To run the program, first move into the Life directory by executing cd ~/Life
. Next the executable needs to be "made" by running make
. This will create the executables Life.serial
, Life.mpi
, Life.openmp
, and Life.hybrid
.
Next we need to copy the MPI executable to all the nodes that will be running it (If you have not yet set up your nodes for remote access, make sure you have logged into each machine as bccd, started the heartbeat (pkbcast) program, run bccd-allowall
, and run bccd-snarfhosts
. You must do this before continuing.) An automated script exists to copy executables across BCCD nodes without compromising other users' runs. It is called 'bccd-syncdir', and for Life, it is run with the following command:
bccd-syncdir ~/Life ~/machines-openmpi
where ~/Life
is the directory which holds the executable, and ~/machines
is the machinefile created previously with 'bccd-snarfhosts', containing a list of all the nodes in your cluster. This creates a unique directory in /tmp which holds your executable directory across all nodes. The name of this directory is unique and follows the pattern /tmp/hostname-user (so yours could be /tmp/node009-bccd). Make note of this directory and move into with cd <your directory>
.
A full list of Life's options can be seen by giving --help to any of the Life binaries, but for now we'll just be specifying the rows, columns, and generations.
First try running Life on just one processor:
time mpirun –np 1 -machinefile ~/machines-openmpi ./Life.c-mpi --rows 100 --columns 100 --gens 10000
Compare it to two processors (notice we've decreased the number of columns by 50 since each processor will only be responsible for half of the total number of columns):
time mpirun –np 2 -machinefile ~/machines-openmpi ./Life.c-mpi --rows 100 --columns 50 --gens 10000
Does using more CPUs allow you to solve the same problem faster?
Life on the Liberated-BCCD
To run the program, first move into the Life directory by executing cd ~/Life
. Next the executable needs to be "made" by running make
. This will create the executables Life.serial
, Life.mpi
, Life.openmp
, and Life.hybrid
.
Next we need to copy the MPI executable to all the nodes that will be running it.
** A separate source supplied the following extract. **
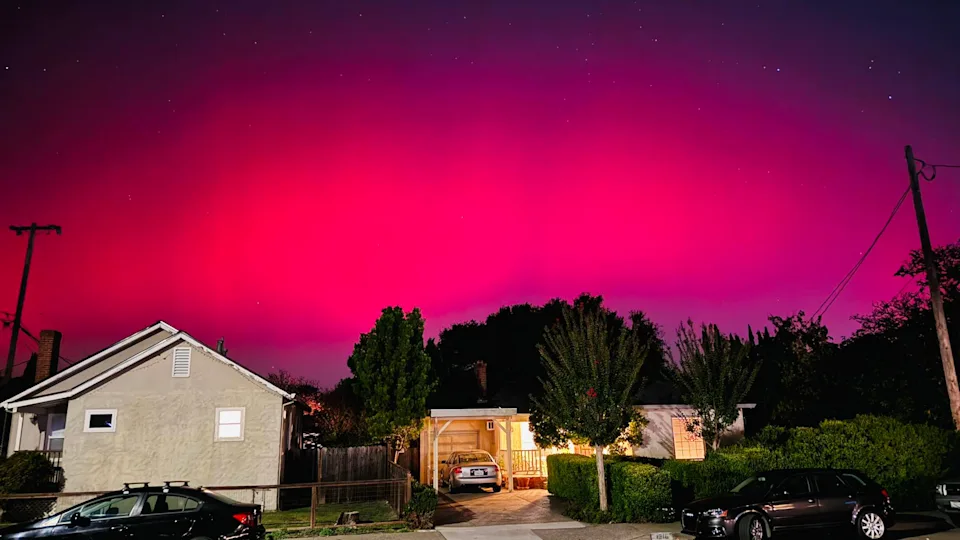 Northern Lights Illuminate Bay Area Skies Amid Intense Solar Activity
To do so in your terminal first run bccd-allowall
, and then run bccd-snarfhosts
.
First try running Life on just one processor:
time mpirun –np 1 -machinefile ~/machines-openmpi ./Life.c-mpi --rows 100 --columns 100 --gens 10000
Compare it to two processors (notice we've decreased the number of columns by 50 since each processor will only be responsible for half of the total number of columns):
time mpirun –np 2 -machinefile ~/machines-openmpi ./Life.c-mpi --rows 100 --columns 50 --gens 10000
Does using more CPUs allow you to solve the same problem faster?
To run it on multiple processors, make appropriate changes to the number of processors (-np), etc...
What is the efficiency of this implementation on your cluster? (efficiency can be measured in many ways, but typically can be expressed by taking the running time with 1 processor, and dividing it by the running time with P processors *P)
efficiency = time(1)/(time(P)*P)
Suppose you did the same thing with a 50x50 world? 1000x1000? What is meant by the efficiency of a parallel solution? If you calculate it once, does it apply to any parallel code running on that machine?